21 De HEERE vergold mij naar mijn gerechtigheid; Hij gaf mij weder naar de reinigheid mijner handen.
22 Want ik heb des HEEREN wegen gehouden, en ben van mijn God niet goddelooslijk afgegaan.
23 Want al Zijn rechten waren voor mij, en Zijn inzettingen, daarvan week ik niet af.
24 Maar ik was oprecht voor Hem; en ik wachtte mij voor mijn ongerechtigheid.
25 Zo gaf mij de HEERE weder naar mijn gerechtigheid, naar mijn reinigheid, voor Zijn ogen.
26 Bij den goedertierene houdt Gij U goedertieren; bij den oprechten held houdt Gij U oprecht.
27 Bij den reine houdt Gij U rein; maar bij den verkeerde houdt Gij U verdraaid.
28 En Gij verlost het bedrukte volk; maar Uw ogen zijn tegen de hogen, Gij zult hen vernederen.
29 Want Gij zijt mijn Lamp, o HEERE, en de HEERE doet mijn duisternis opklaren.
30 Want met U loop ik door een bende; met mijn God spring ik over een muur.
31 Gods weg is volmaakt; de rede des HEEREN is doorlouterd; Hij is een Schild allen, die op Hem betrouwen.
32 Want wie is God, behalve de HEERE, en wie is een rotssteen, behalve onze God?
33 God is mijn Sterkte en Kracht; en Hij heeft mijn weg volkomen geopend.
34 Hij maakt mijn voeten gelijk als der hinden, en stelt mij op mijn hoogten.
35 Hij leert mijn handen ten strijde, zodat een stalen boog met mijn armen verbroken is.
36 Ook hebt Gij mij gegeven het schild Uws heils, en door Uw verootmoedigen hebt Gij mij groot gemaakt.
37 Gij hebt mijn voetstap ruim gemaakt onder mij; en mijn enkelen hebben niet gewankeld.
38 Ik vervolgde mijn vijanden, en verdelgde hen, en keerde niet weder, totdat ik ze verdaan had.
39 En ik verteerde hen, en doorstak ze, dat zij niet weder opstonden; maar zij vielen onder mijn voeten.
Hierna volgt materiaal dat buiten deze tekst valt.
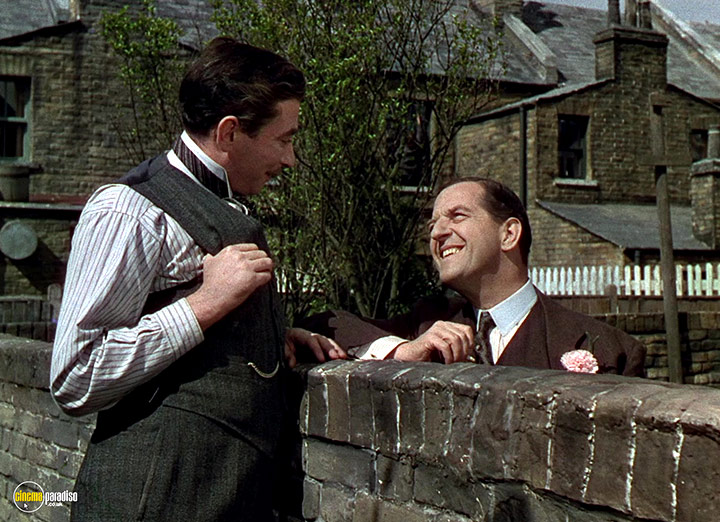 A still #109 from This Happy Breed (1944)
40 Want Gij omgorddet mij met kracht ten strijde; Gij deedt onder mij nederbukken, die tegen mij opstonden.
41 En Gij gaaft mij den nek mijner vijanden, mijner haters, en ik vernielde hen.
42 Zij zagen uit, maar er was geen verlosser; naar den HEERE, maar Hij antwoordde hun niet.
43 Toen vergruisde ik hen als stof der aarde; ik stampte ze, ik breidde hen uit als slijk der straten.
44 Ook hebt Gij mij uitgeholpen van de twisten mijns volks, Gij hebt mij bewaard tot een hoofd der heidenen; het volk, dat ik niet kende, heeft mij gediend.
45 Vreemden hebben zich mij geveinsdelijk onderworpen; zo haast als hun oor van mij hoorde, hebben zij mij gehoorzaamd.
46 Vreemden zijn vervallen, en hebben zich aangegord uit hun sloten.
47 De HEERE leeft, en geloofd zij mijn Rotssteen; en verhoogd zij God, de Rotssteen mijns heils!
48 De God, Die mij volkomene wraak geeft, en de volken onder mij nederwerpt;
49 En Die mij uitvoert van mijn vijanden; en Gij verhoogt mij boven degenen, die tegen mij opstaan; Gij redt mij van den man alles gewelds.
50 Daarom zal ik U, o HEERE, loven onder de heidenen, en Uw Naam zal ik psalmzingen.
51 Hij is een Toren der verlossingen Zijns konings, en Hij doet goedertierenheid aan Zijn gezalfde, aan David en aan zijn zaad, tot in eeuwigheid.